The oil price decline that started in June this year is set to continue, warns the Paris-based International Energy Agency (IEA), in its latest oil market report.
The energy watchdog said on Friday that according to supply and demand balances “the price rout has yet to run its course.” In fact, the IEA says that further downward pressure in the first half of 2015 is highly likely.
With China’s economic growth slowing down and US shale output rising, the oil market has entered a new era, the IEA wrote.
In its latest monthly report – “Oil Market Report” – the IEA informed that in October global oil supply increased by 350,000 barrels per day to 94.2 million barrels per day (mb/d). This was 2.7 mb/d higher than in October 2013, with non-OPEC production increasing 1.8 mb/d over the same period.
OPEC’s oil production in October was 30.6 mb/d, which was higher than its sixth-month supply target of 30 mb/d.
OPEC’s oil ministers next meet on November 27th. Since their last get-together in June, oil prices have plunged by 30%.
Since its June peak, the price of oil fell 30% and will continue declining, says the IEA (Source: YCharts)
OPEC will be under pressure to sharply reduce production when ministers meet.
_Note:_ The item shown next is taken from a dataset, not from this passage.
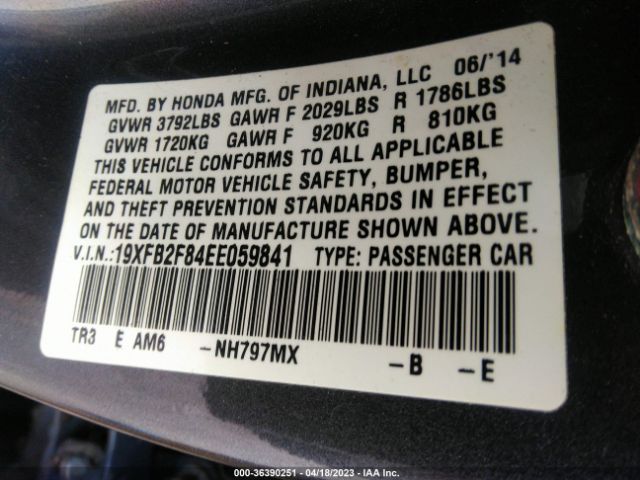 19XFB2F84EE059841 Honda Civic Sedan Ex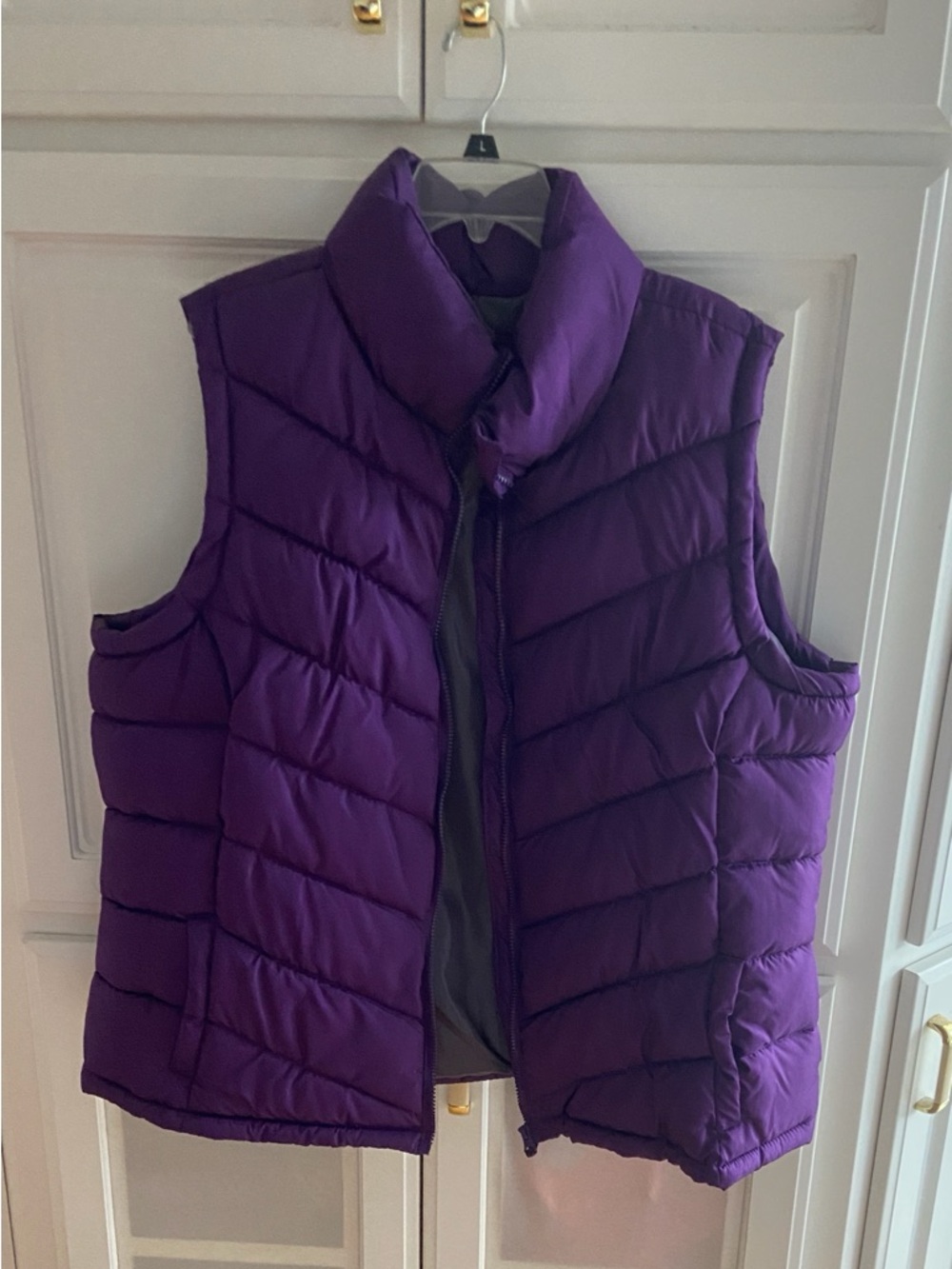 Faded Glory Purple Quilted Puffer Vest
However, its main producers may not be so keen to do so for fear of losing market share to US shale oil drillers.
The IEA predicts that non-OPEC production increase will ease to 1.3 mb/d next year.
Estimates for 2014 oil demand at 92.4 mb/d and 93.6 mb/d in 2015 remain the same, says the IEA. “Projected growth will increase from a five‐year annual low of 680 kb/d in 2014 to an estimated 1.1 mb/d next year as the macroeconomic backdrop is expected to improve,” the IEA wrote on Friday.
The IEA informs that OECD industry oil stocks built counter-seasonally to 12.6 million barrels in September. Their deficit versus average levels, after rising rapidly earlier in 2014, declined to its narrowest in 18 months. The watchdog added “Preliminary data show that despite a 4.2 mb draw, stocks swung into a surplus to average levels in October for the first time since March 2013.”
The effects of high or low oil prices
Years of high oil prices have helped fuel R&D into new technology, which has resulted in more oil resources today being exploited, such as shale output.
At the same time, the US shale oil and gas boom has pushed down prices, which will eventually bite too hard into margins, forcing many businesses to close down. This will eventually result in reduced supply and higher oil prices again.